Short descriptive text snippets
——————
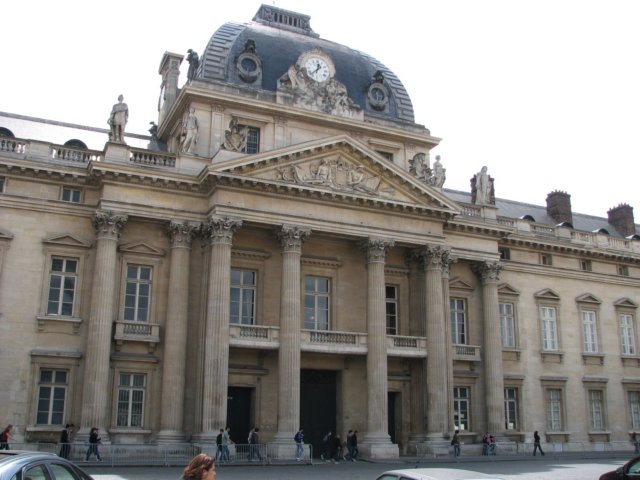 ecolemilitaire.jpg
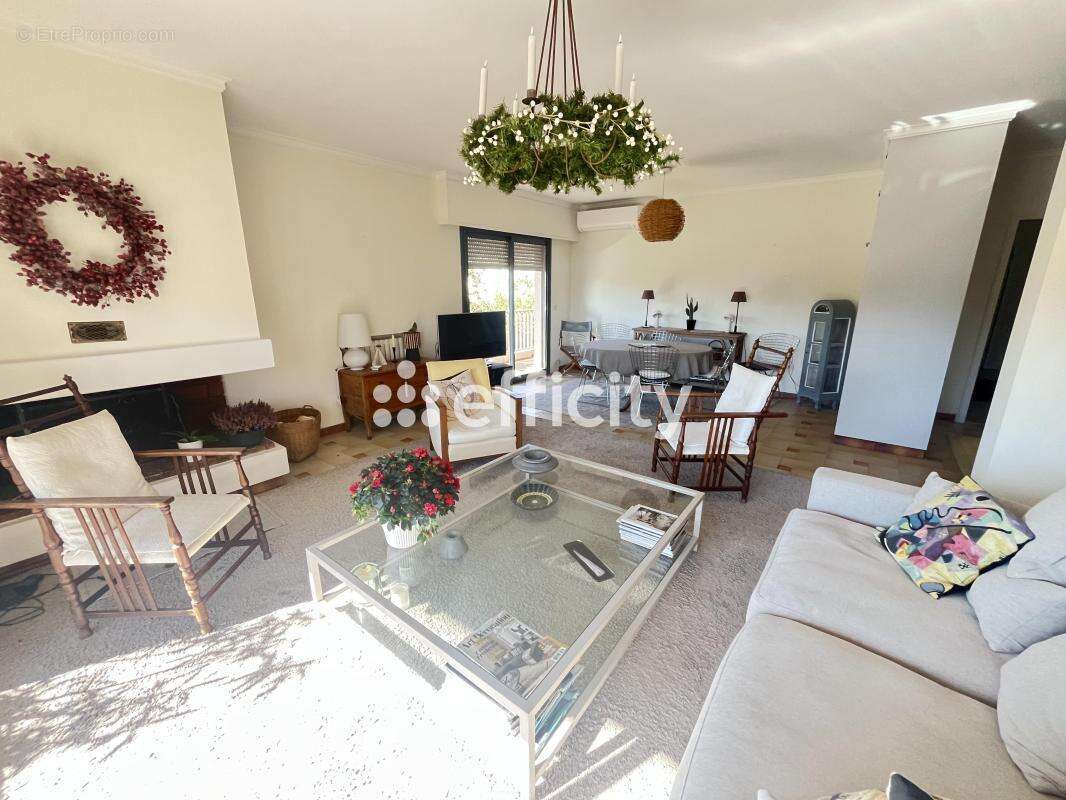 Appartement à VALLAURIS
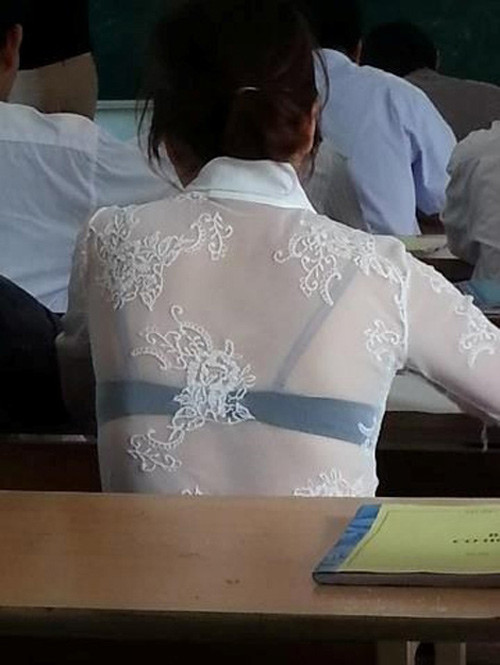 Táo bạo mặc nội y đen bên trong áo dài mỏng tang. Hình ảnh này thật khó chấp nhận tại trường họcc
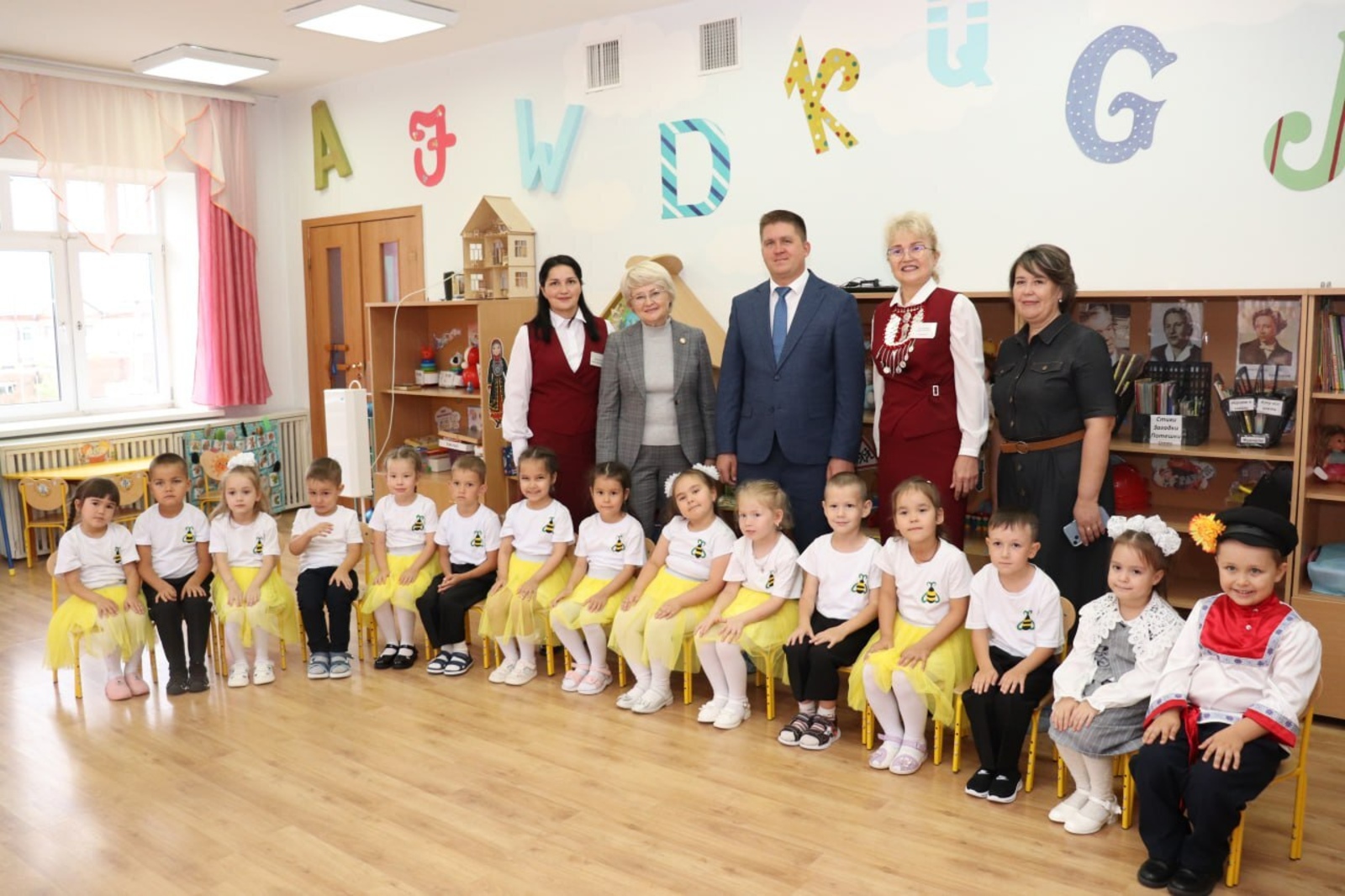 Асҡынға Дәүләт Думаһы депутаты Эльвира Айытҡолова килде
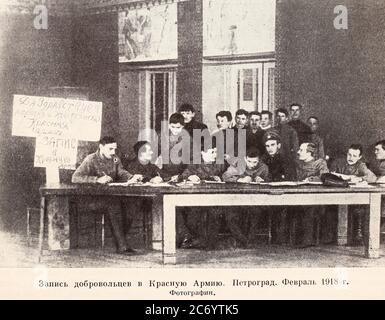 Aufzeichnung der Freiwilligen in der Roten Armee. Petrograd. Februar 1918. Stockfoto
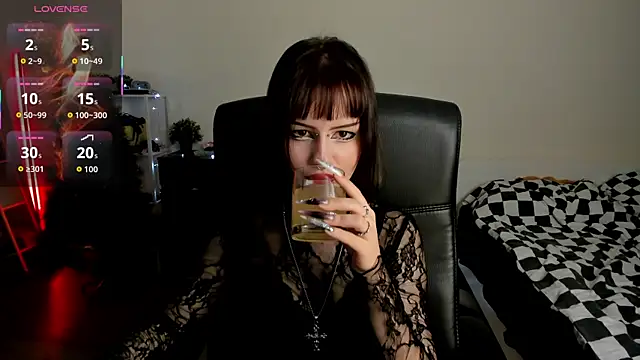 LiyaLuna online show from 19, 12, 2025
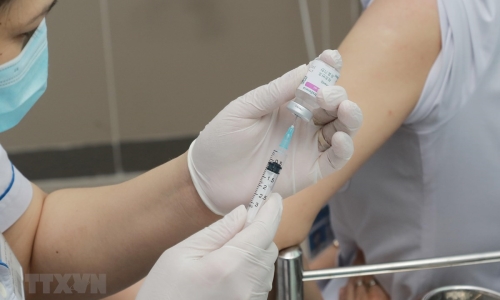 Hơn 46.400 người Việt Nam đã được tiêm vaccine phòng COVID-19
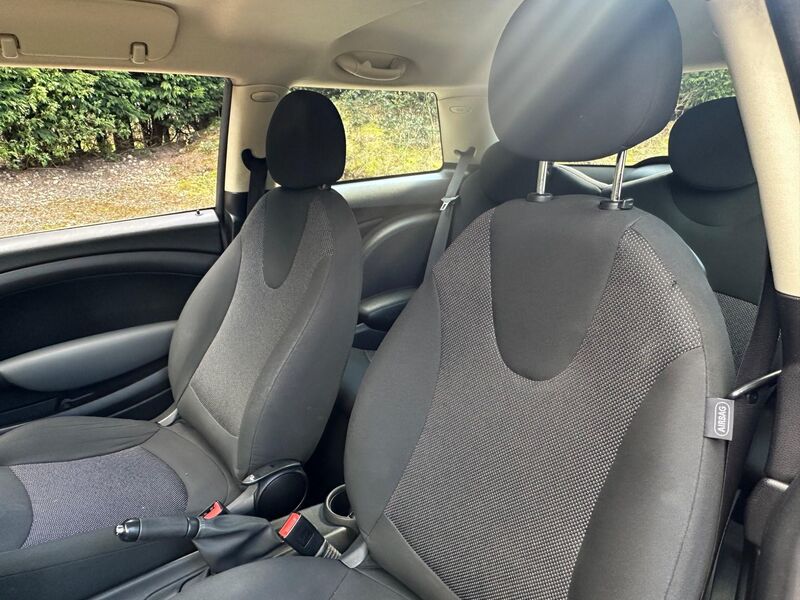 MINI HATCH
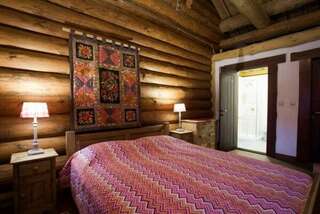 Гостиница Бобровая долина Ижевск Рябиновая изба №3-7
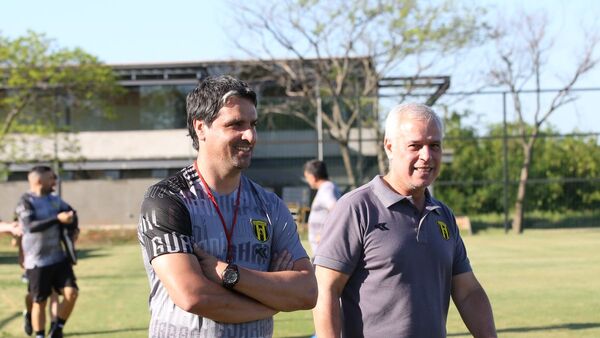 López busca cuatro piezas para completar el plantel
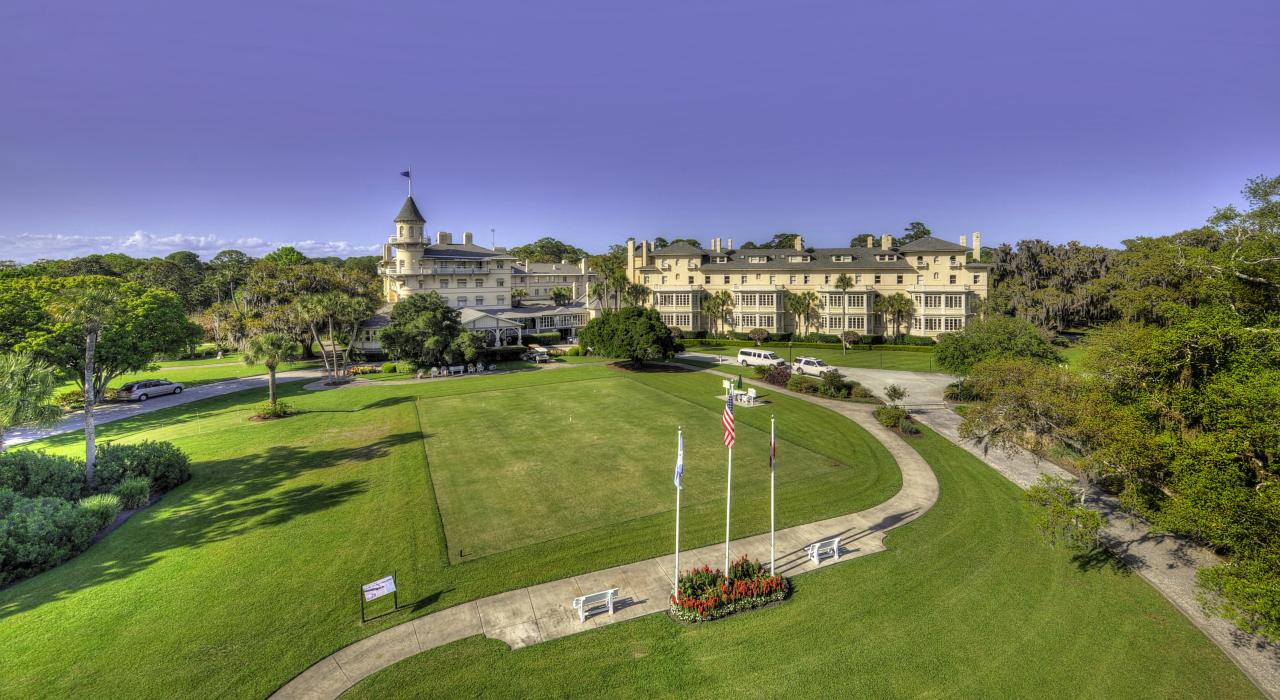 The expansive grounds of the historic Jekyll Island Club Hotel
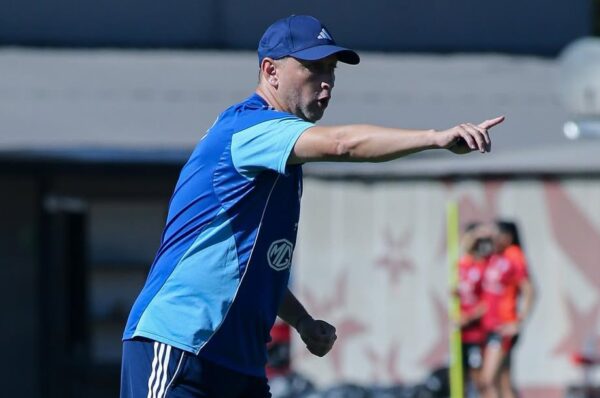Luis Mena sufre por las bajas en La Roja: “Son jugadoras súper importantes”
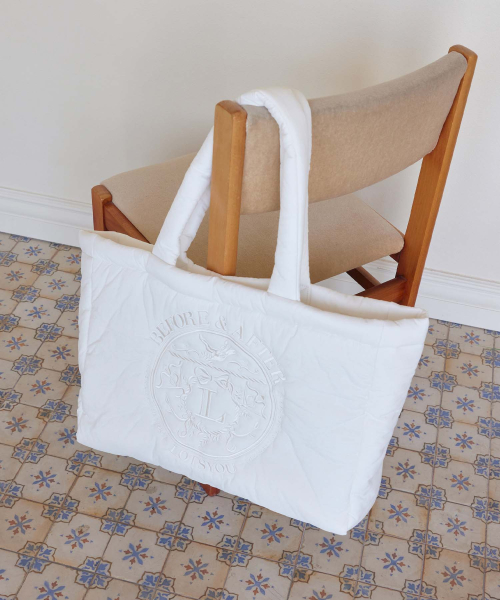 LOTSYOU★韓国★人気★lotsyou_Fairy tale Padding Big bag 3色 라츠유(LOTSYOU) lotsyou_Fairy tale Padding Big bag Ivory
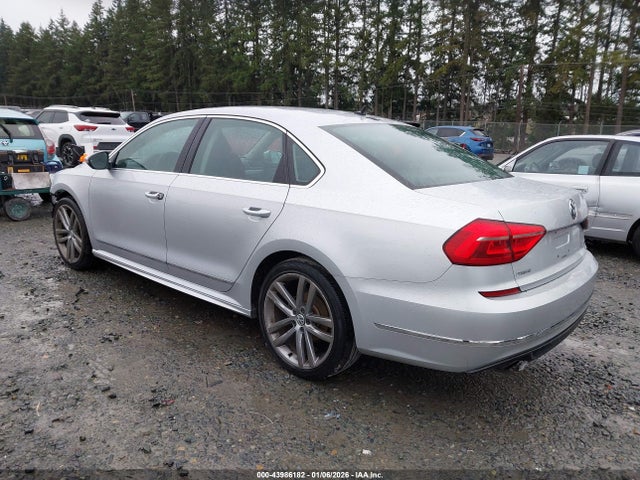 1VWAT7A32GC053222 Volkswagen Passat 1.8t R-line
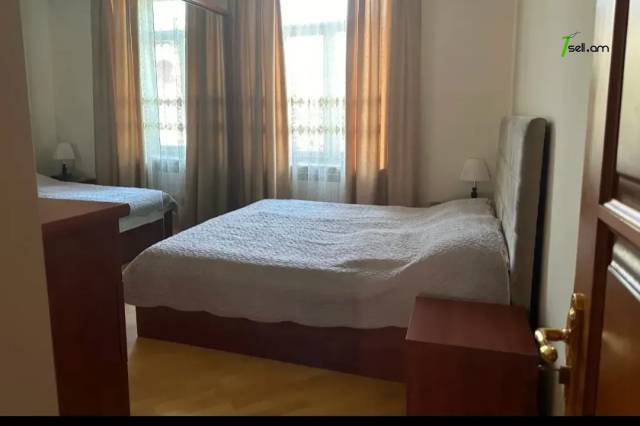 3 սենյականոց բնակարան Տերյան փողոցում, 90 քմ, 5/7 հարկ, դիզայներական ոճով վերանորոգված, քարե շենք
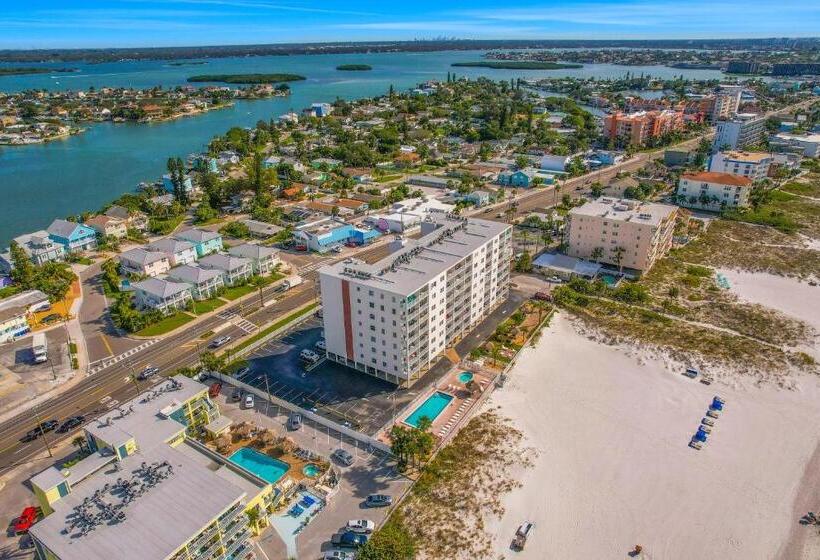 فندق Sea Breeze 702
——————
| DIRECTIONS |
Write out only the lines from the one that contains "Асҡынға Дәүләт Думаһы" through the last line of the records above, both included, word for word and without the pictures.

| ANSWER |
 Асҡынға Дәүләт Думаһы депутаты Эльвира Айытҡолова килде
 Aufzeichnung der Freiwilligen in der Roten Armee. Petrograd. Februar 1918. Stockfoto
 LiyaLuna online show from 19, 12, 2025
 Hơn 46.400 người Việt Nam đã được tiêm vaccine phòng COVID-19
 MINI HATCH
 Гостиница Бобровая долина Ижевск Рябиновая изба №3-7
 López busca cuatro piezas para completar el plantel
 The expansive grounds of the historic Jekyll Island Club Hotel
Luis Mena sufre por las bajas en La Roja: “Son jugadoras súper importantes”
 LOTSYOU★韓国★人気★lotsyou_Fairy tale Padding Big bag 3色 라츠유(LOTSYOU) lotsyou_Fairy tale Padding Big bag Ivory
 1VWAT7A32GC053222 Volkswagen Passat 1.8t R-line
 3 սենյականոց բնակարան Տերյան փողոցում, 90 քմ, 5/7 հարկ, դիզայներական ոճով վերանորոգված, քարե շենք
 فندق Sea Breeze 702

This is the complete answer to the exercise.